S.A.S. MEUBLES IKEA FRANCE

[Adresse 2]

[Localité 4]

représentée par Me Laurent DELVOLVE, avocat au barreau de PARIS

DÉBATS : à l'audience publique du 06 Mars 2024

Tenue par Muriel LE BELLEC

magistrat chargé d'instruire l'affaire qui a entendu seul les plaidoiries, les parties ou leurs représentants ne s'y étant pas opposés et qui en a rendu compte à la cour dans son délibéré,

les parties ayant été avisées à l'issue des débats que l'arrêt sera prononcé par sa mise à disposition au greffe.

GREFFIER : Serge LAWECKI

COMPOSITION DE LA COUR LORS DU DÉLIBÉRÉ

Muriel LE BELLEC

: conseiller faisant fonction de

PRESIDENT DE CHAMBRE

Gilles GUTIERREZ

: CONSEILLER

Nathalie RICHEZ-SAULE

: CONSEILLER

ARRÊT : Contradictoire

prononcé par sa mise à disposition au greffe le 31 Mai 2024,

les parties présentes en ayant été préalablement avisées dans les conditions prévues à l'article 450 du code de procédure civile, signé par Muriel LE BELLEC, conseiller désigné pour exercer les fonctions de président et par Angelique AZZOLINI, greffier auquel la minute de la décision a été remise par le magistrat signataire.

ORDONNANCE DE CLÔTURE : rendue le 14 Février 2024

EXPOSÉ DES FAITS

Par contrat de travail à durée indéterminée à temps partiel de 25 heures par semaine en date du 29 août 2016, faisant suite à un contrat à durée déterminée du 28 décembre 2015, M. [L] qui est né le 30 janvier 1983 et a la qualité de travailleur handicapé, a été embauché en qualité d'employé reconditionnement par la société Meubles Ikea France, qui applique la convention collective du négoce de l'ameublement et emploie de façon habituelle au moins onze salariés. Il était affecté au magasin Ikea de [Localité 6].

Sa rémunération mensuelle brute s'élevait en dernier lieu à la somme de 1 109,53 euros, à laquelle s'ajoutaient une prime d'ancienneté mensuelle de 33,29 euros et un treizième mois.

Des aménagements de poste ont été proposés par le médecin du travail les 22 septembre 2017, 20 mars 2018 et 17 avril 2018.

La société Meubles Ikea France a fait intervenir HandiExpeRh qui a établi des rapports d'étude ergonomique en avril et en juillet 2018.

M. [L] a fait l'objet d'un arrêt de travail du 31 août 2018 au 9 novembre 2018.

Lors de la visite de reprise du 13 novembre 2018, le médecin du travail a proposé les aménagements suivants : « Aménagement validé et à poursuivre comme précisé lors de l'étude de poste ; rythme de travail selon les capacités physiques de M. [L], c'est-à-dire fractionnements des charges lorsque nécessaire. »

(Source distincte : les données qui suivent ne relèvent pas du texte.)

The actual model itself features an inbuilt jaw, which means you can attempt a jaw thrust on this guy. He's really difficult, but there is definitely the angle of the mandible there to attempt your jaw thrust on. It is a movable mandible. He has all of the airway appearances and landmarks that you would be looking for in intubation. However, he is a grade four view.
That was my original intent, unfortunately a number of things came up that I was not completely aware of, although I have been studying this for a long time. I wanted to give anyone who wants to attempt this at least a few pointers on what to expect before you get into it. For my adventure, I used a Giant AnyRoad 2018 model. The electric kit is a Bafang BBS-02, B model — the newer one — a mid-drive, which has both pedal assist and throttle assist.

Par plusieurs courriers se succédant entre le 13 novembre 2018 et le 17 janvier 2019, la société Meubles Ikea France a dispensé M. [L] de se présenter à son poste de travail jusqu'au vendredi 26 janvier 2019.

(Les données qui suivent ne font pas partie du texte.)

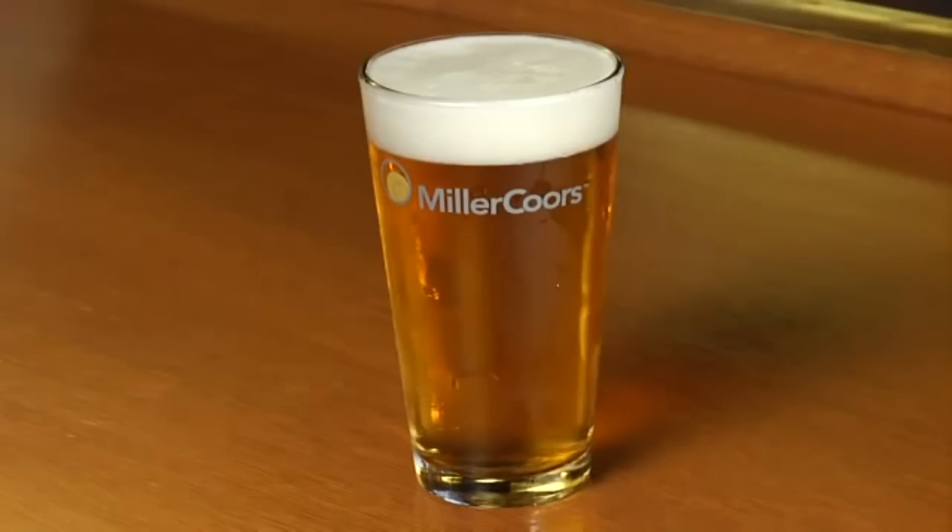Once the glass is dry, you'll have a beer-clean glass ready to serve a perfectly poured beer. Checking to see if your glasses are beer clean is one of the easiest things you can do. Check often, monitor your customers' glasses, and make sure you're pouring the best-tasting beer possible.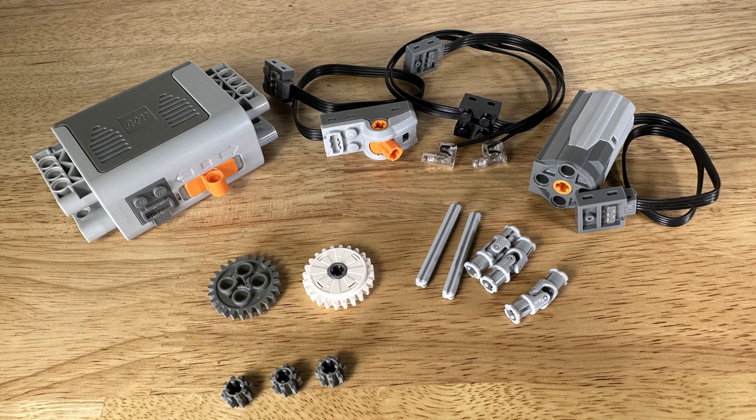The kit also includes LEGO Technic pieces. These are axles, gears, and universal joints.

Le 5 octobre 2018, la société Meubles Ikea France a proposé à M. [L] la rupture conventionnelle de son contrat de travail. M. [L] a rejeté les conditions de cette rupture proposées par la société Meubles Ikea France par courrier du 8 janvier 2019.

Par lettre du 28 janvier 2019, la société Meubles Ikea France a convoqué M. [L] à un entretien le 7 février 2019 en indiquant envisager une sanction disciplinaire pouvant aller jusqu'au licenciement. Elle a dispensé le salarié de se présenter à son poste de travail à compter du 29 janvier 2019.

A l'issue de cet entretien, le licenciement pour cause réelle et sérieuse de M. [L] lui a été notifié par lettre du 12 février 2019. Le salarié a été dispensé de l'exécution de son préavis de trois mois.

Par requête reçue le 10 février 2020, M. [L] a saisi le conseil de prud'hommes de Lille pour faire constater que son licenciement est nul ou sans cause réelle et sérieuse.

Par jugement en date du 8 décembre 2021, dont copie adressée aux parties le 21 décembre 2021, le conseil de prud'hommes a dit que le licenciement n'est pas nul et en lien avec une discrimination et un manquement d'une obligation de sécurité de la société Meubles Ikea France et a condamné la société Meubles Ikea France à payer à M. [L] les sommes de :

3 328,59 euros pour licenciement abusif

500 euros au titre de l'article 700 du code de procédure civile.

Il a débouté les parties de toutes autres demandes et condamné la société Meubles Ikea France aux dépens.

Le 12 janvier 2022, M. [L] a interjeté appel de ce jugement.